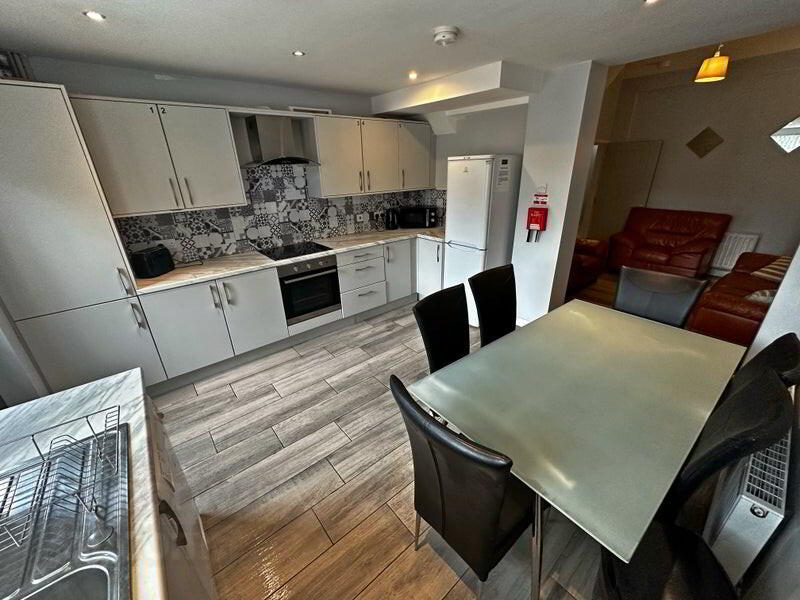(hmo Registered), 141 Alexandra Park Avenue 5 of 18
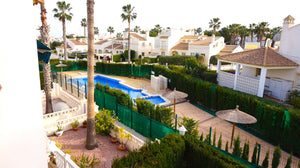 3 Bedroom Villa - Overlooking Communal Pool - Villamartin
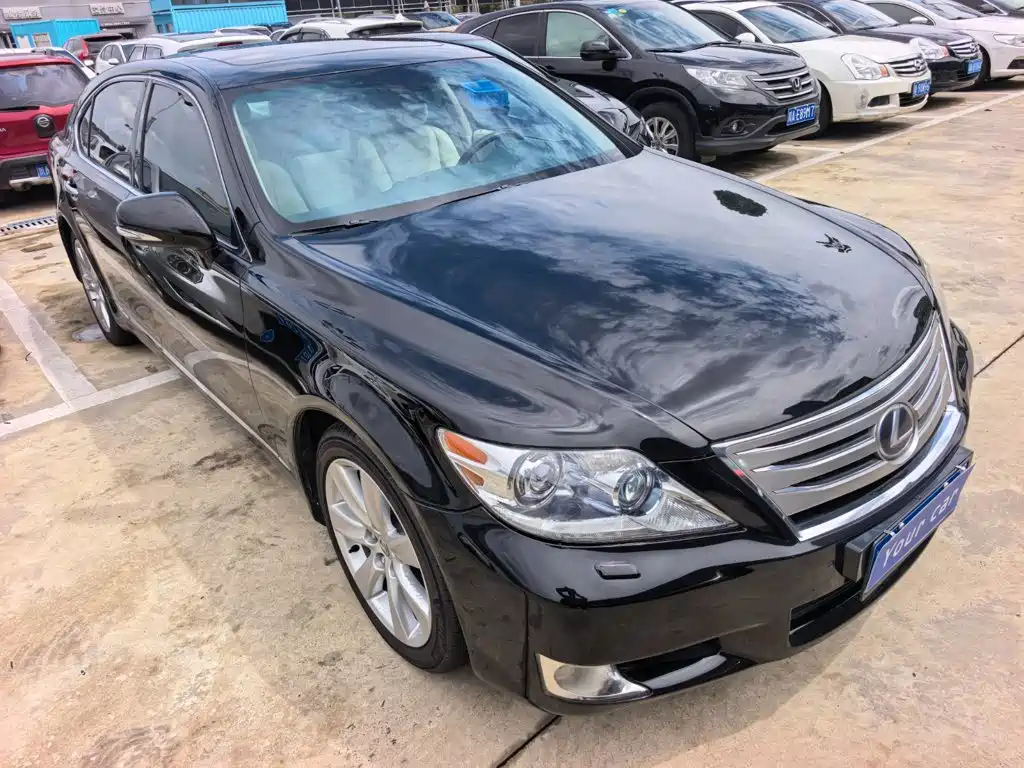 Фото 3 - Lexus LS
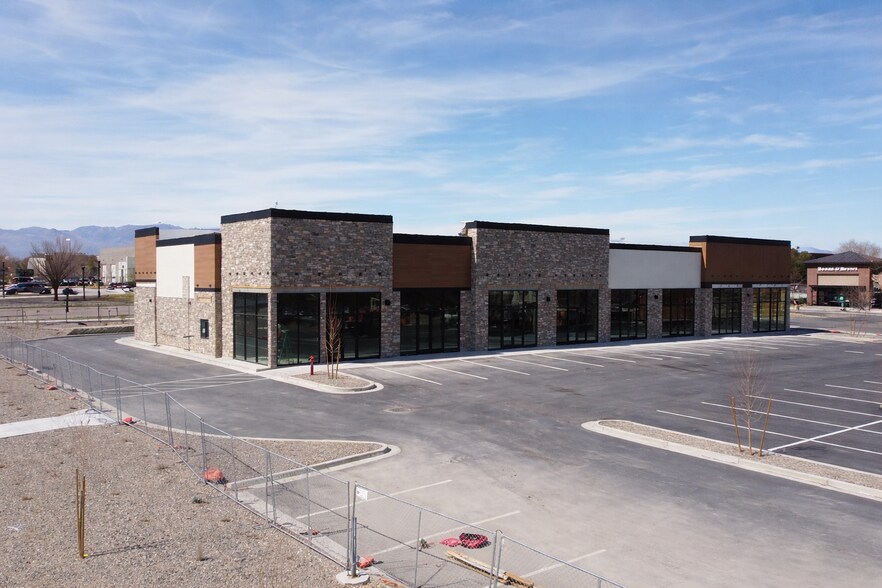 More Photos Of 10983 S Redwood Rd, South Jordan Restaurant For Lease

§ **WHAT YOU HAVE TO DO**: Leaving every picture out, output the data exactly as it stands.

§ **EXERCISE RESPONSE**:
(hmo Registered), 141 Alexandra Park Avenue 5 of 18
 3 Bedroom Villa - Overlooking Communal Pool - Villamartin
 Фото 3 - Lexus LS
 More Photos Of 10983 S Redwood Rd, South Jordan Restaurant For Lease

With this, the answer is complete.